● **EXERCISE**:
The copy should hold only the line containing "413 Sanford Ave, Richland, WA 99352" and the lines after it through the end of the material, each exact, with no pictures.
________________________
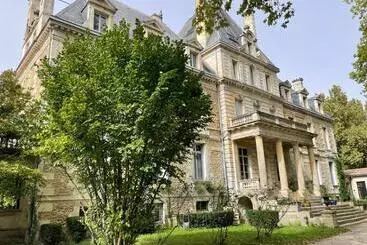 Bed and Breakfast Château De Respide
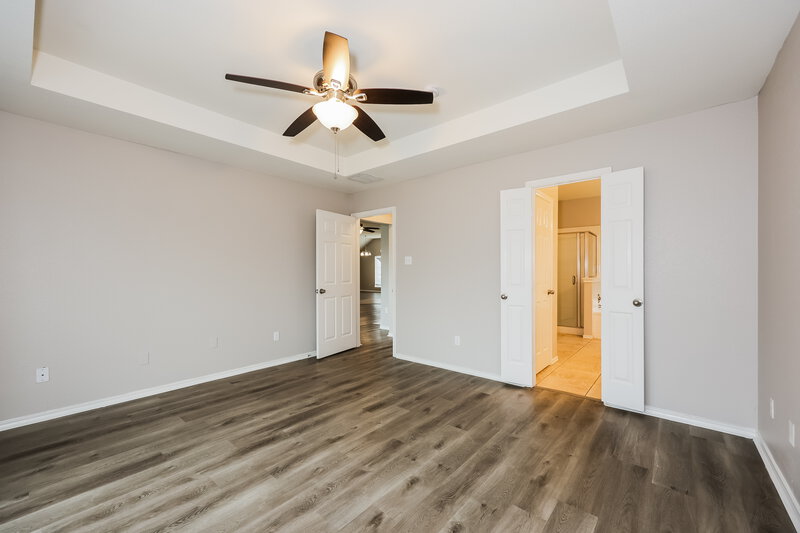2,380/Mo, 2219 W Thoroughbred Dr Lancaster, TX 75146 maini View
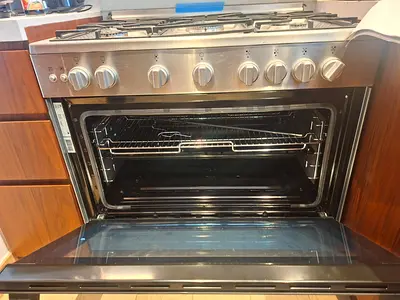 Beko new model full gas cooker 90x60 same like new condition perfect working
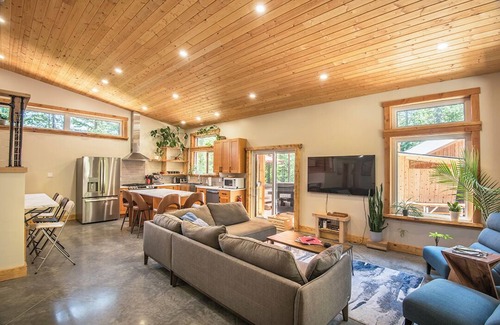 Rossland House | Private oasis with sauna and hot tub @ Red Mountain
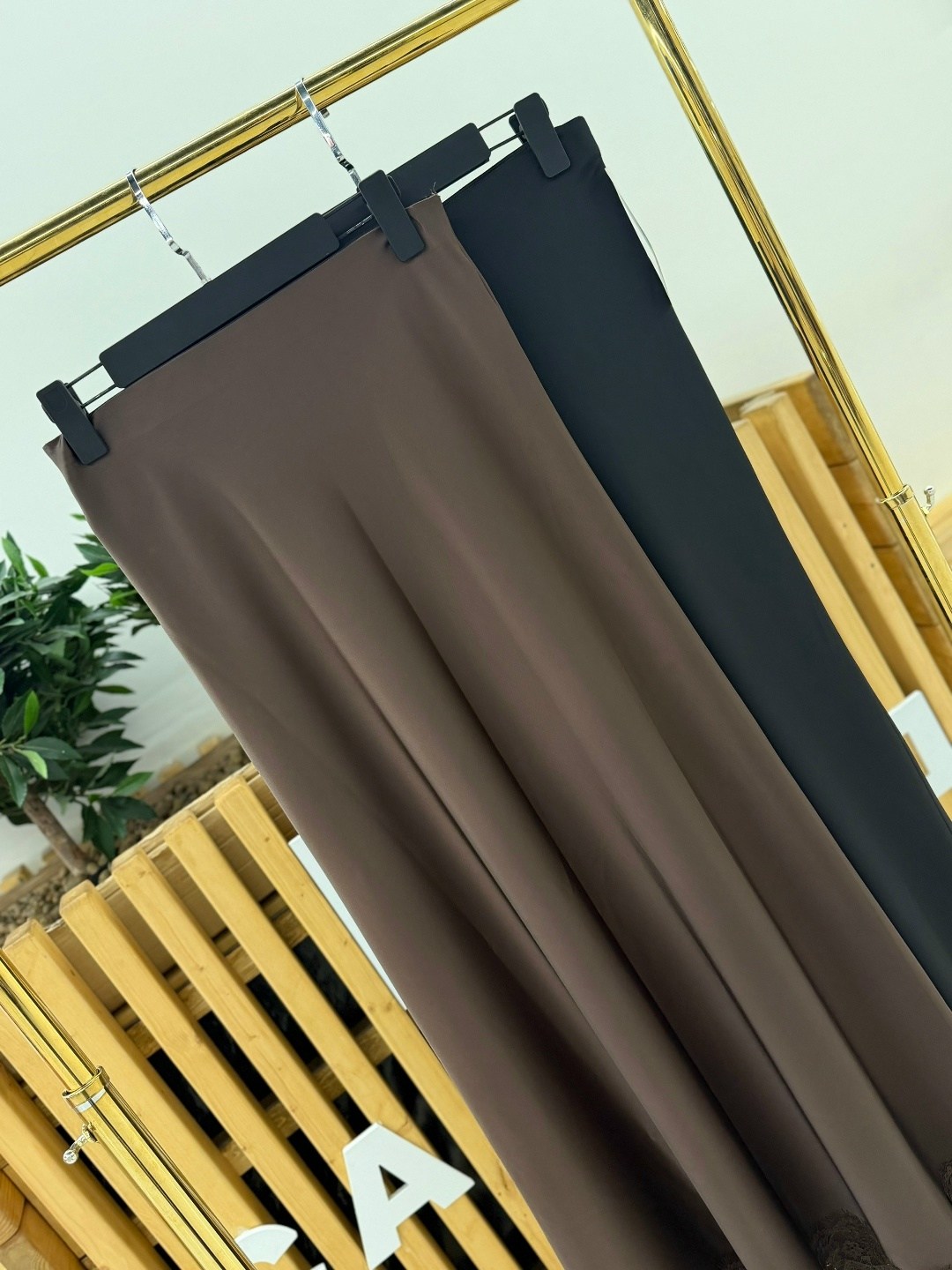 юбка атласная макси,атласная юбка миди,атласное платье,коричневая атласная юбка в бельевом стиле,атласная юбка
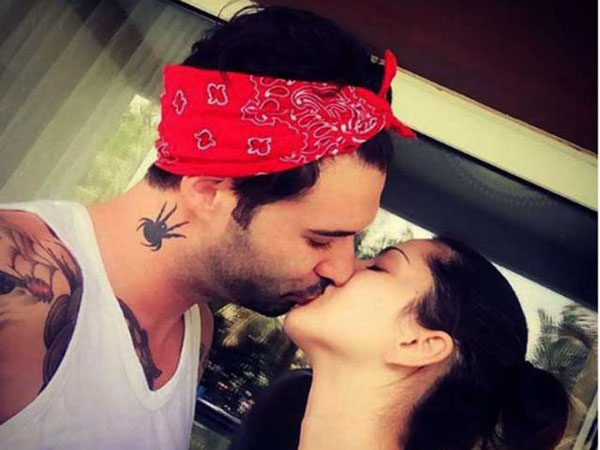 కిస్సింగ్ సీన్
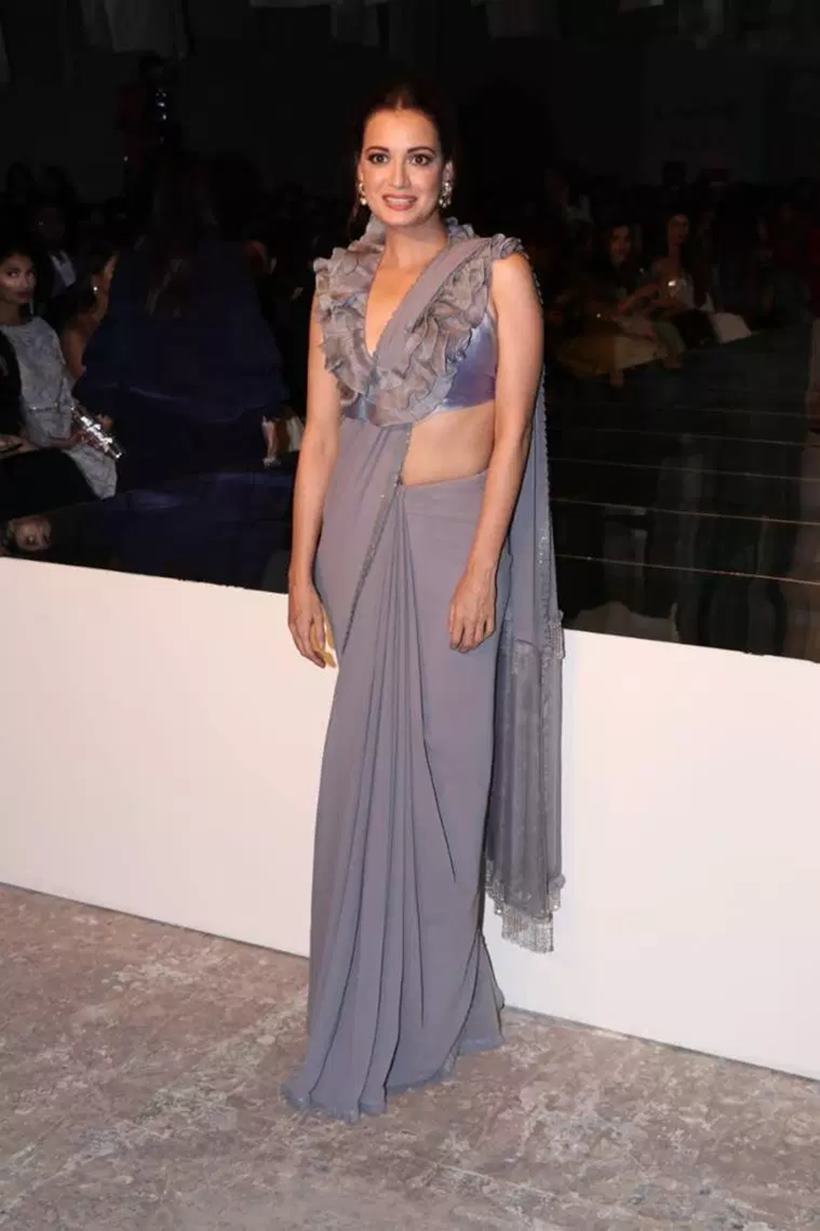 fashion hits of the week bollywood celebrities, priyanka, kangana, alia, janhvi, indian express news, hits and misses of the week, fashion hits, celeb pics, priyanka chopra pics,
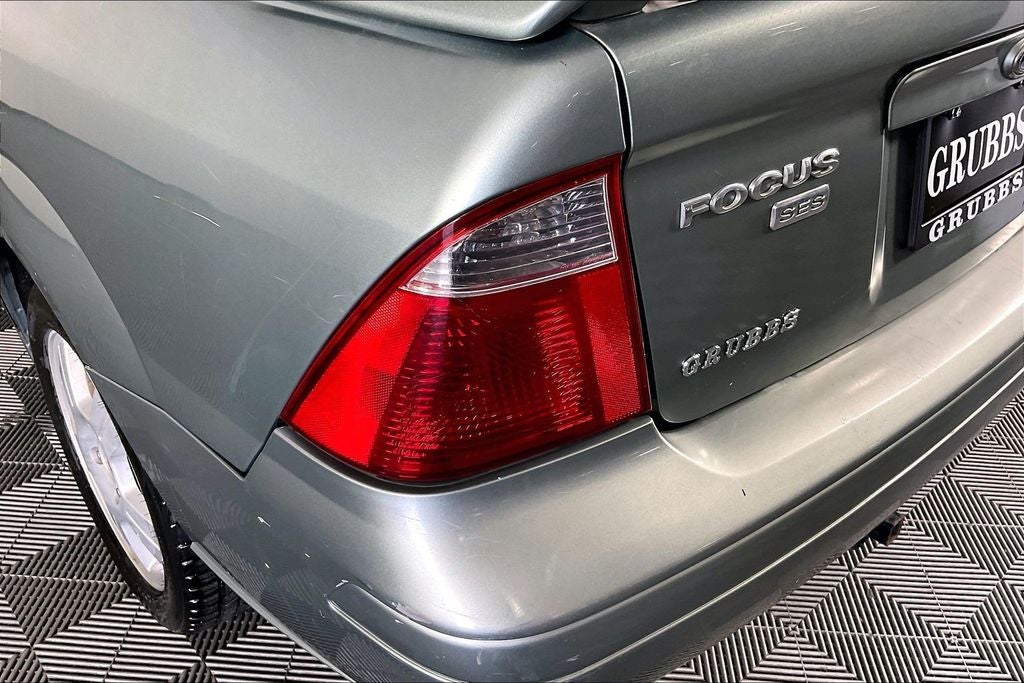 2005 Ford Focus ZX4 S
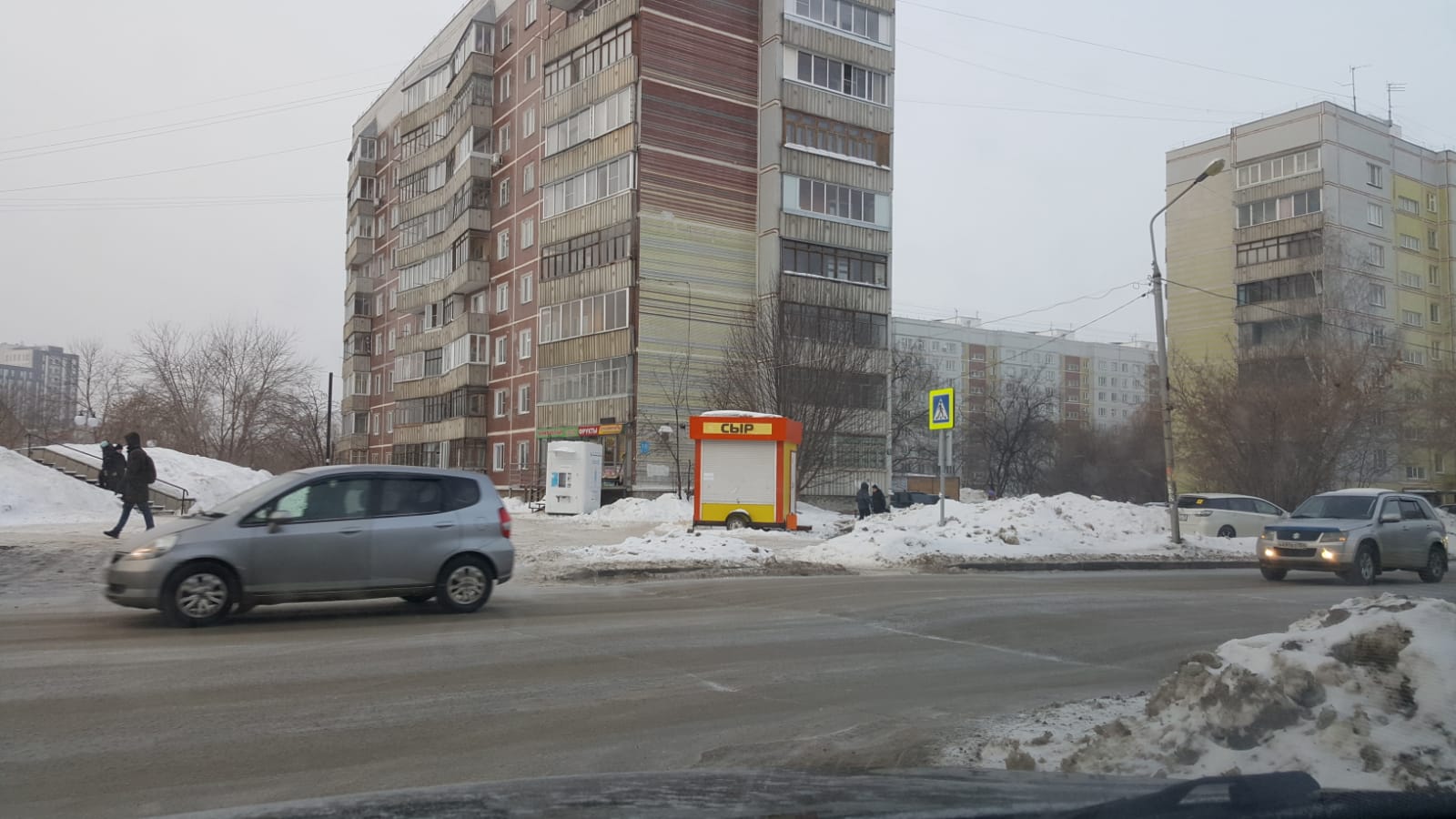 В Новосибирске убранный прокуратурой ларёк с Демакова перекочевал на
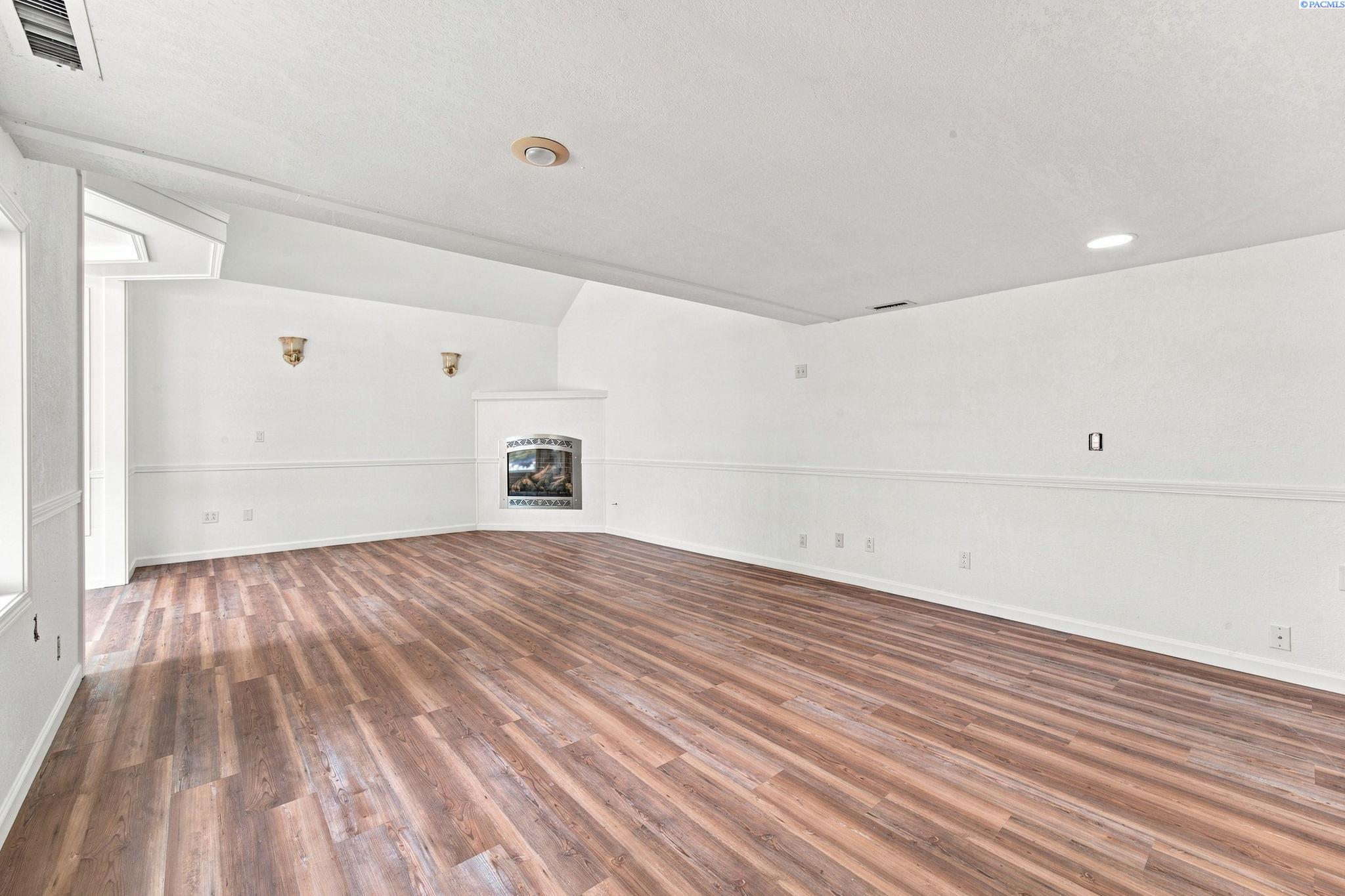413 Sanford Ave, Richland, WA 99352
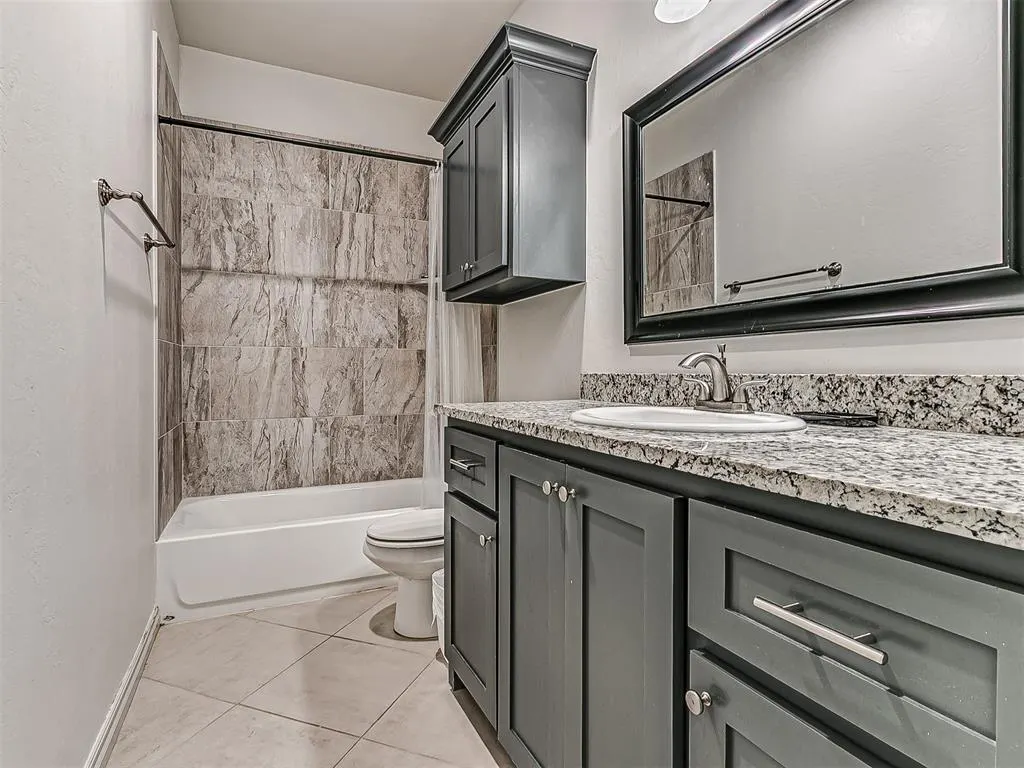 Photo 24 — 1212 La Vista Lane, Kingfisher, OK 73750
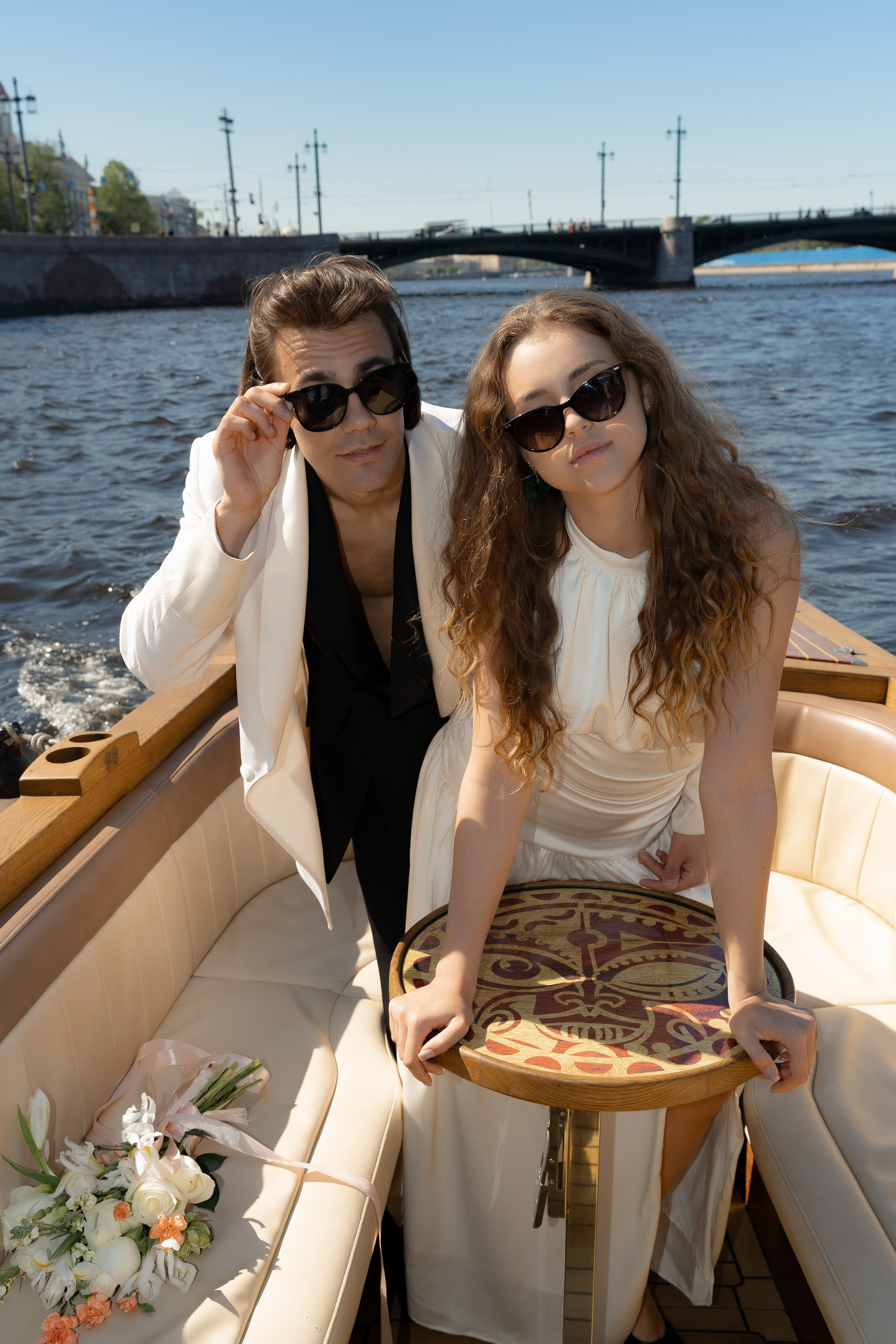 Свадебная прогулка на катере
________________________
● **OUTPUT FOR THIS EXERCISE**:
413 Sanford Ave, Richland, WA 99352
 Photo 24 — 1212 La Vista Lane, Kingfisher, OK 73750
 Свадебная прогулка на катере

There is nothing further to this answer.